I forgot all about that. That is a MUST! What do you guys think about a can of starting fluid in case you pop a tire off the bead?


----------



## Stimpy (Jan 26, 2012)

Good idea, also a bag of big zip ties.




100 things to do and wasting time on tapatalk!!!


----------



## z24guy (Nov 27, 2010)

Ratchet strap and your air compressor will get a tire to pop back on the bead. Done it lots.


----------



## BrutemanAl (Jul 3, 2009)

Extra spark plugs , I also have a small amount of nuts and bolts that are different sizes , not sure if you need it where you are from , but I carry a rain suit and extra gloves and a spare set of goggles ( someone always seems to forget their goggles and gloves ) , I also have a CDI Dynatek in my bike , but carry the stock one in a water proof container just incase the CDI goes to the crapper , and i also carry a tube of die-electric grease with me , and all the stuff already mentioned above .


----------



## bruteforce_ttu (Jul 5, 2012)

DUCT TAPE!!!!!


----------



## JLOWERY (Jan 30, 2010)

BEER


----------



## Polaris425 (Dec 16, 2004)

We had a nice long thread for this but, I cant find it anywhere... must be way way way in the back


----------



## 02KODIAK400 (May 16, 2012)

DUCK TAPE!!!!!!!!
x2


----------



## Big D (Jun 23, 2009)

Polaris425 said:


> We had a nice long thread for this but, I cant find it anywhere... must be way way way in the back



I was looking for that last night too. It was a lonnnnnng list.


----------



## Polaris425 (Dec 16, 2004)

^ Yeah I wish I could find it


----------



## Big D (Jun 23, 2009)

I found one, but it's not the one I was thinking of. I thought someone took the suggestions and put it in a list format.

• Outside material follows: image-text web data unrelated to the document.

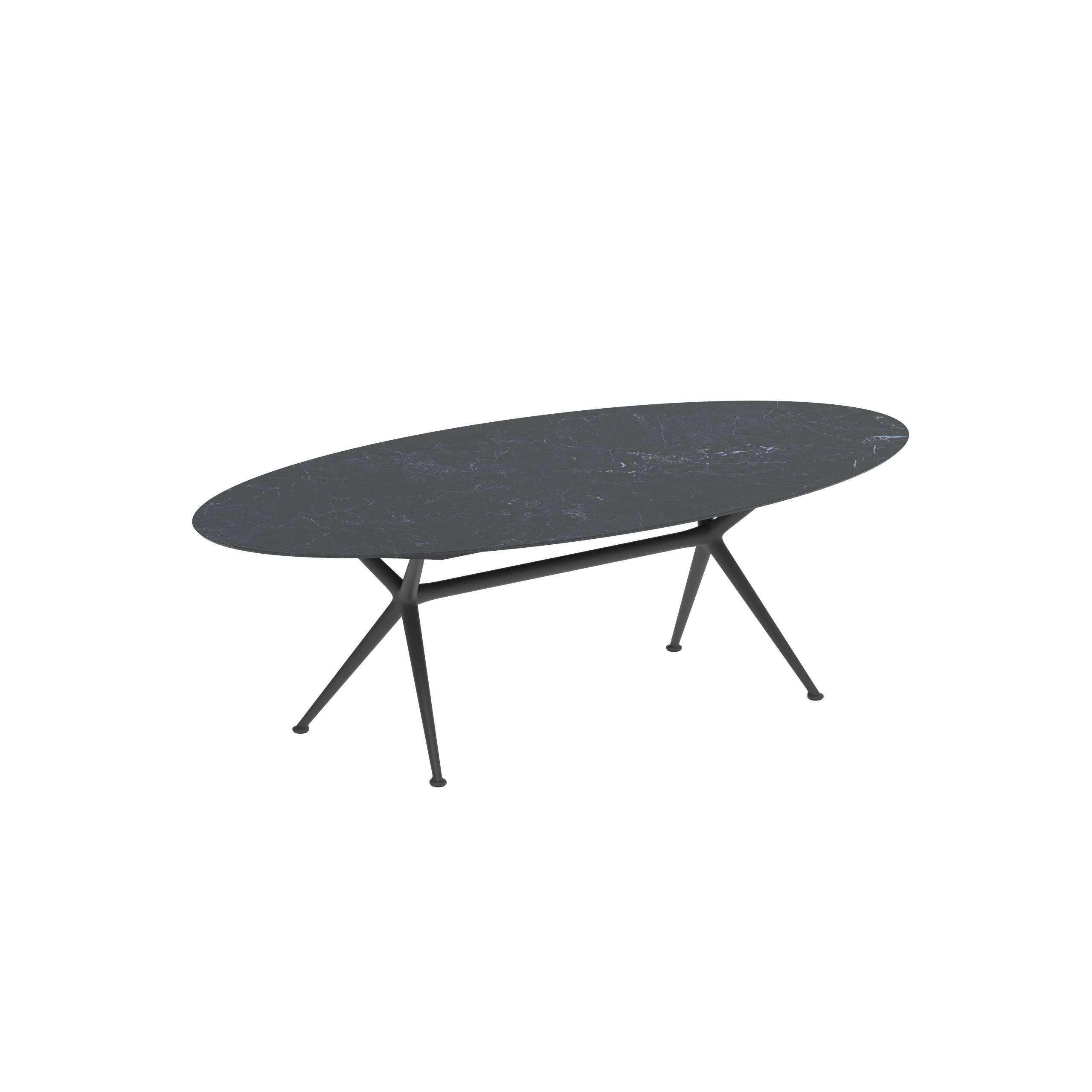 Exes Table Ellipse 250x130cm Alu Legs Anthracite - Table Top Ceramic Nero Marquina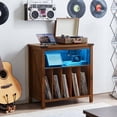 thumbnail image 4 of LELELINKY Record Player Stand with Charging Station & LED Lights, Holds 230 Albums, Turntable Cabinet for Living Room, Brown, 4 of 9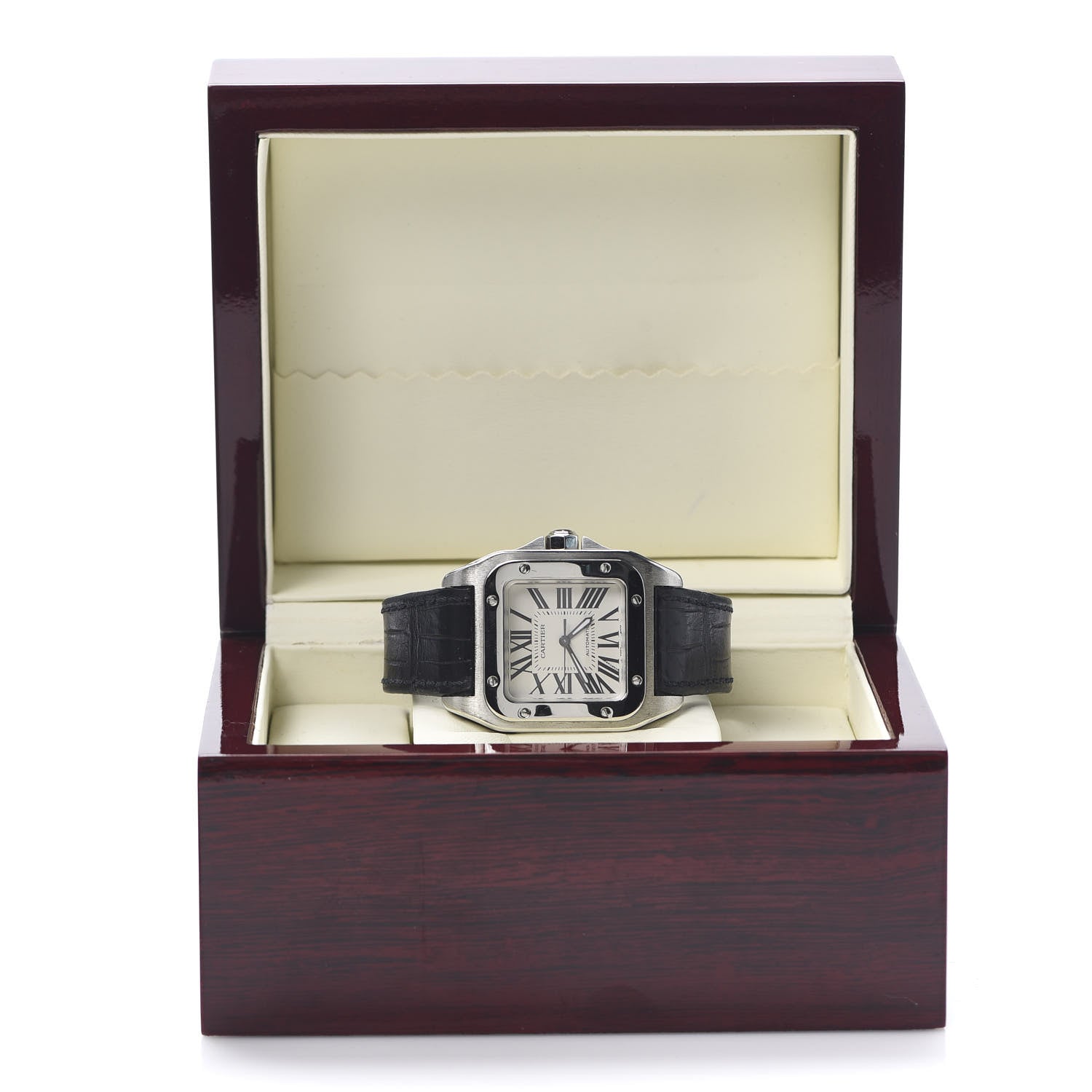 Cartier Stainless Steel Alligator 33mm Santos 100 Automatic Watch 9 of 9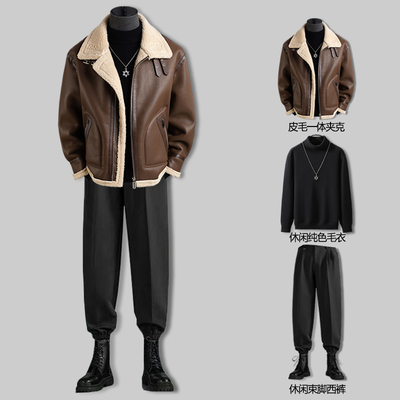 男士冬季新款棉衣男皮毛一体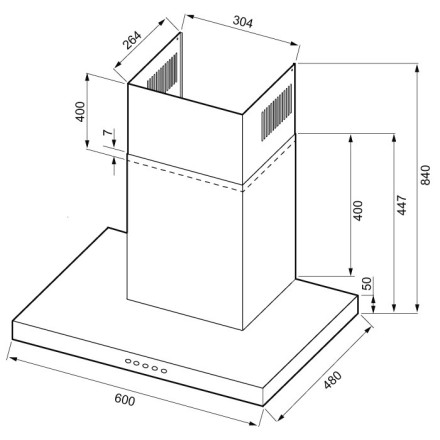 Каминная вытяжка Krona Levana 600 PB inox Каминная вытяжка Krona Levana 600 PB inox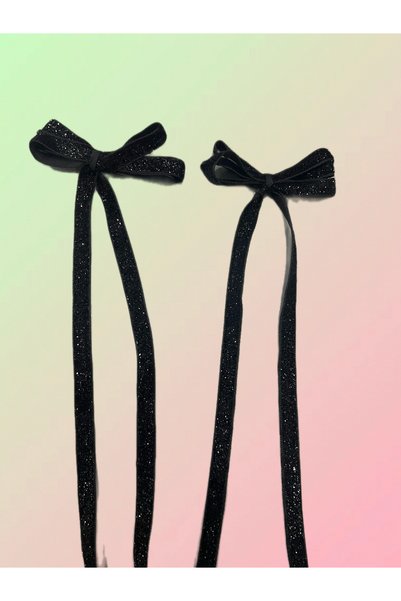 BUĞLEM Black Velvet Buckled Hair Clip, Set of 2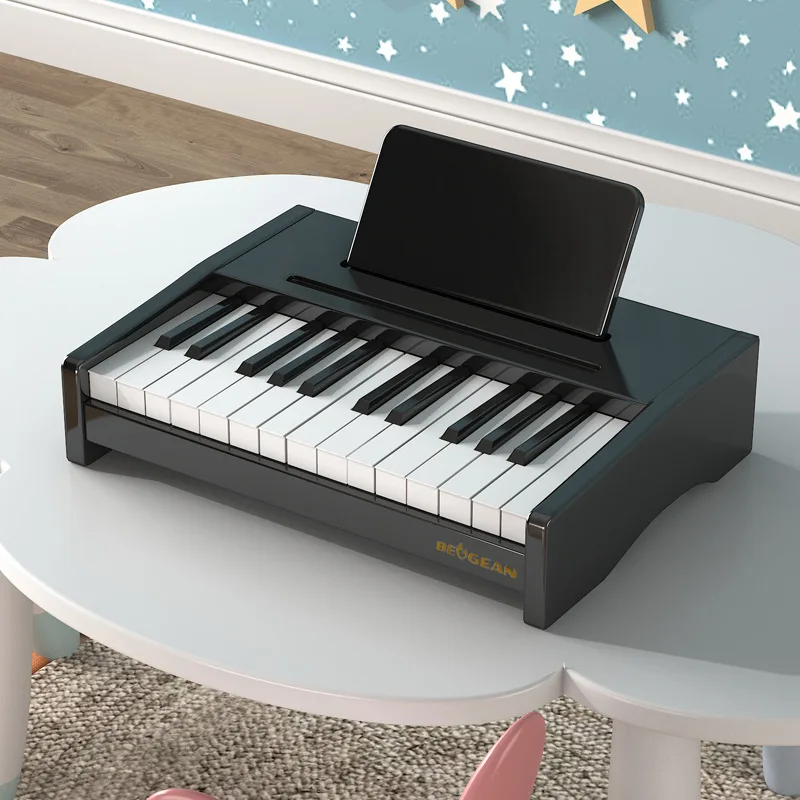 Wooden Electronic Piano for Children\'s Desktop, Puzzle Game, 25 Keys, Gift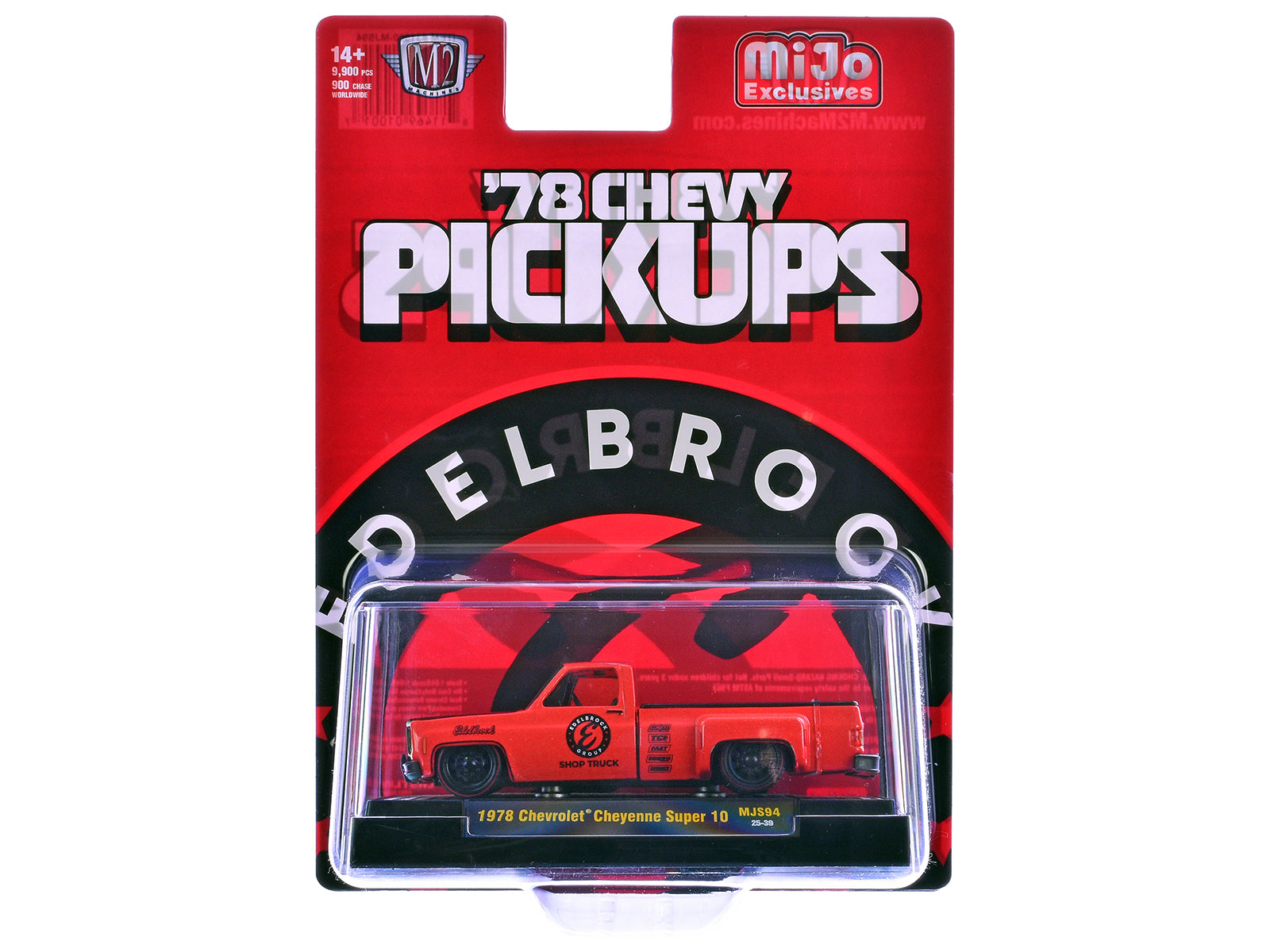 1978 Chevrolet Cheyenne Super 10 Pickup Truck "Edelbrock" Red with Black Hood Limited Edition to 9900 pieces Worldwide 1/64 Diecast Model Car by M2 Machines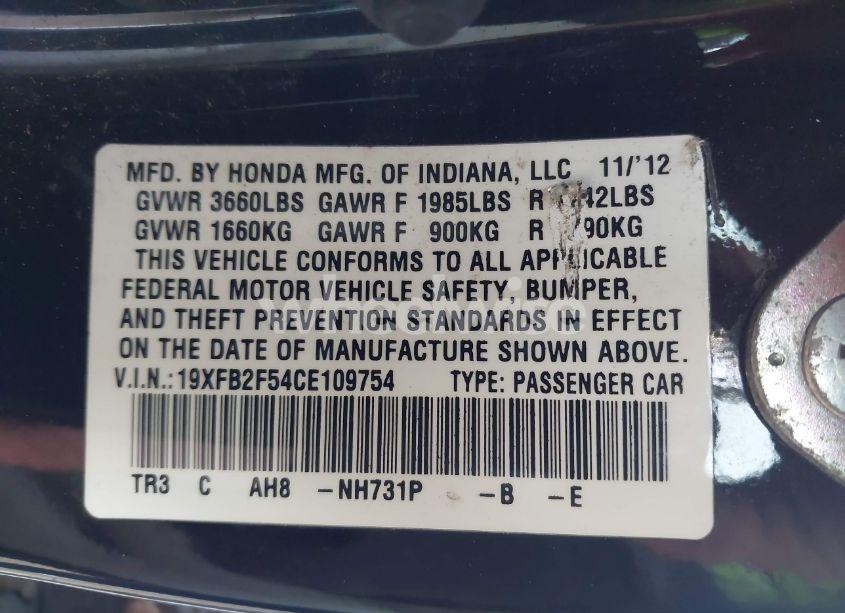 Photo 9 of 2012 Honda Civic LX (VIN 19XFB2F54CE109754)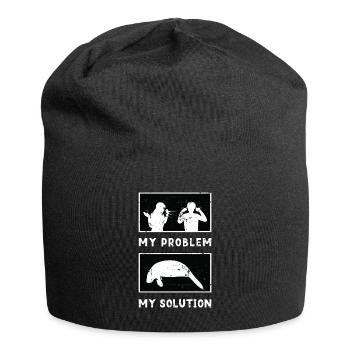 Dugong Lover Mon Problème Mon Pictogramme Papa Vache De Mer - Bonnet en jersey - noir - Devant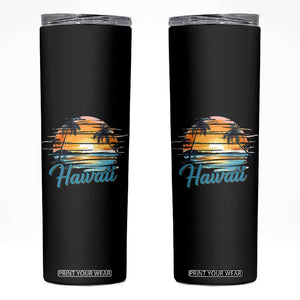 Retro Sunset Palm Tree Hawaii Skinny Tumbler Tropical Vacation Graphic TS12 Black Print Your Wear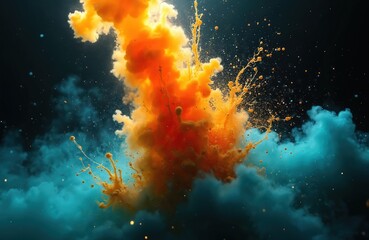 Fiery orange and cool blue smoke or liquid swirls collide in dark void. Small particles scatter like abstract cosmic explosion, representing volatile chemical reactions or energy transformation.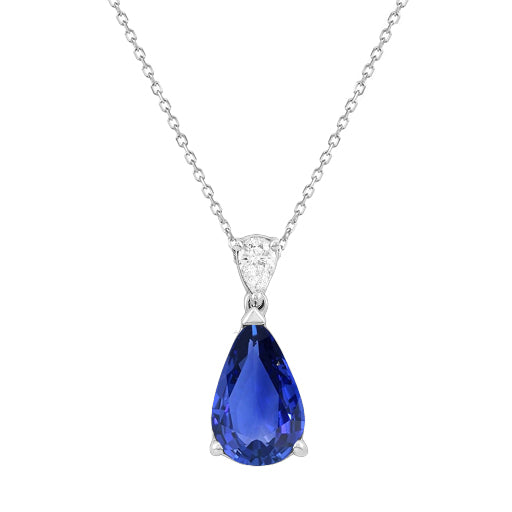 Blue Sapphire Stone Pendant Necklace 1-ct 14K White Gold – main view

http://www.mudinmyblood.net/forum/14-mud-pit/8715-emergency-kit-items.html


----------



## Polaris425 (Dec 16, 2004)

^ Yep thats the one!!! I just found it too, along w/ this one

http://www.mudinmyblood.net/forum/14-mud-pit/1370-tools-need-bag.html

http://www.mudinmyblood.net/forum/14-mud-pit/8715-emergency-kit-items.html

I'm gonna merge them and sticky it.


----------



## Polaris425 (Dec 16, 2004)

Done. Merged and stickied:

http://www.mudinmyblood.net/forum/47-general-tech-audio-info/1370-tools-emergency-kits-take.html

Let's all just use that one now... gonna lock this one, but melton I copied your post into that thread as well ^^^


----------